> Raw data:
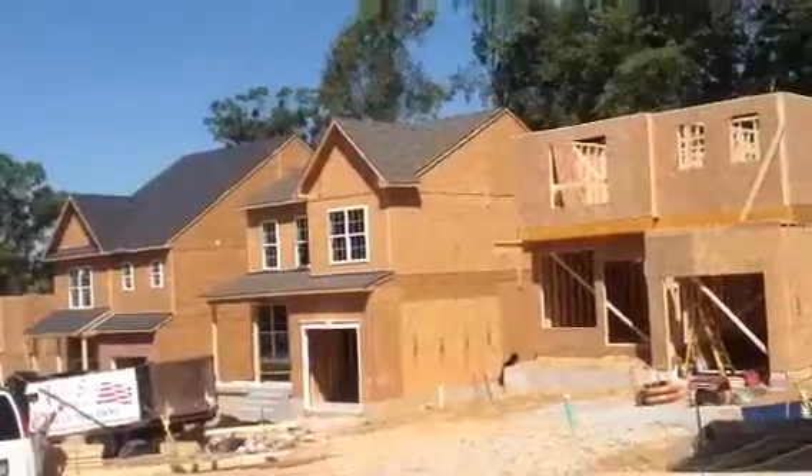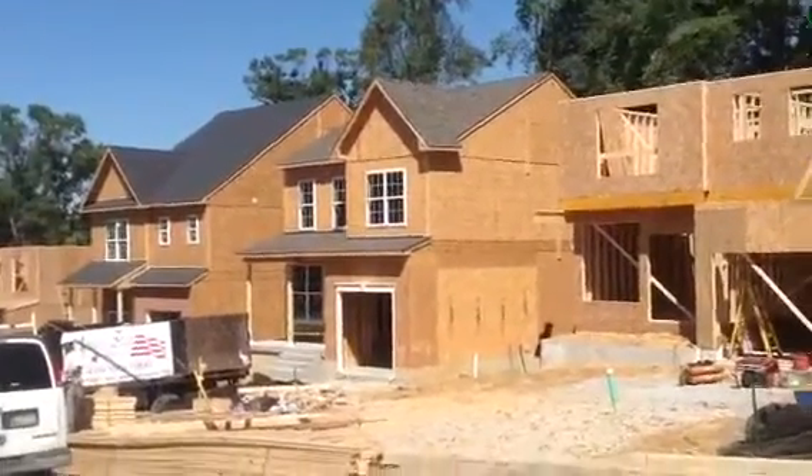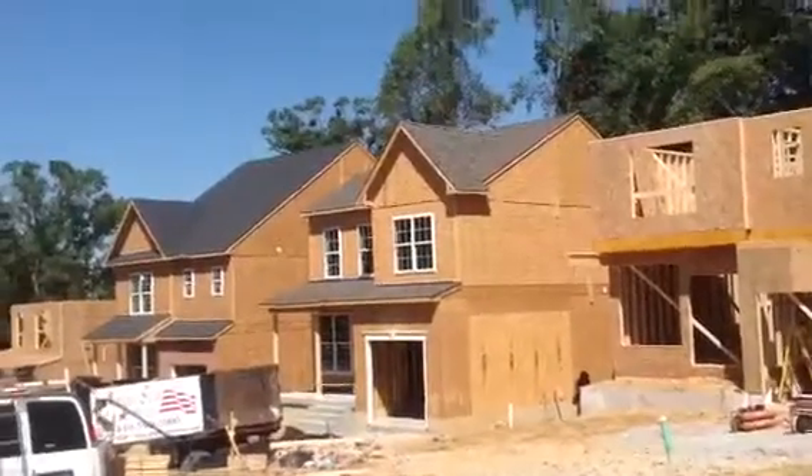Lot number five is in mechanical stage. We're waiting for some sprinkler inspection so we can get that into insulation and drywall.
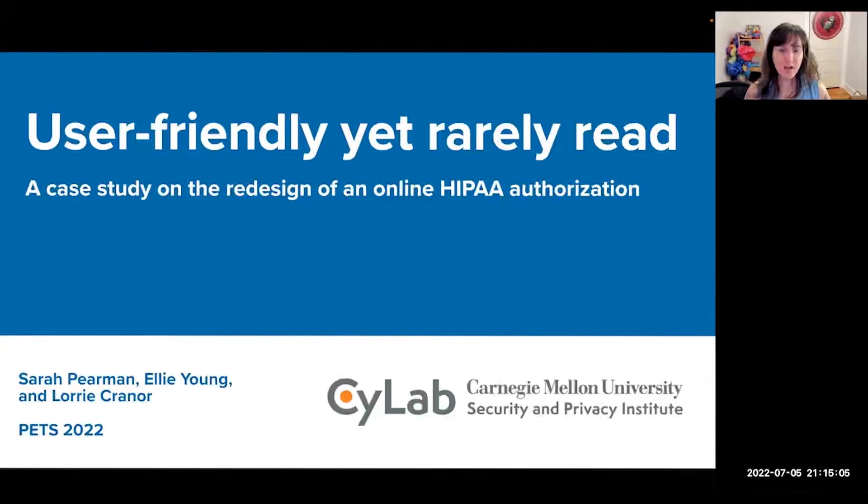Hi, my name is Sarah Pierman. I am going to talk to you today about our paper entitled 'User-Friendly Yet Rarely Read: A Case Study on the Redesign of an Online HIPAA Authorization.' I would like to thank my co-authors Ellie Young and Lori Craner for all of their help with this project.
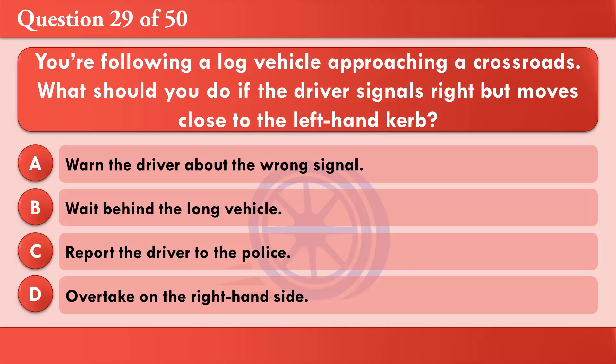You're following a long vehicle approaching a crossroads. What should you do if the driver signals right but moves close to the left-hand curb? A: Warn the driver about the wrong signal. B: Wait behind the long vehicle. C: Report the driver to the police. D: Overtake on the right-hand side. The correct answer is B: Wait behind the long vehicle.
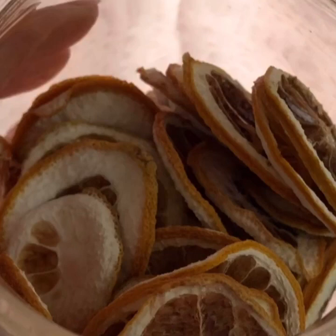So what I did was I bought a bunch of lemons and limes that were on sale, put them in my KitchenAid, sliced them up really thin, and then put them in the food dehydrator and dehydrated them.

> What the exercise asks:
Of all the material above, only the lines from the one that has "Hi, my name" down to the one that has "You're following a" are to be written out, exactly and with both ends included. Pictures are skipped.

> Output:
Hi, my name is Sarah Pierman. I am going to talk to you today about our paper entitled 'User-Friendly Yet Rarely Read: A Case Study on the Redesign of an Online HIPAA Authorization.' I would like to thank my co-authors Ellie Young and Lori Craner for all of their help with this project.
You're following a long vehicle approaching a crossroads. What should you do if the driver signals right but moves close to the left-hand curb? A: Warn the driver about the wrong signal. B: Wait behind the long vehicle. C: Report the driver to the police. D: Overtake on the right-hand side. The correct answer is B: Wait behind the long vehicle.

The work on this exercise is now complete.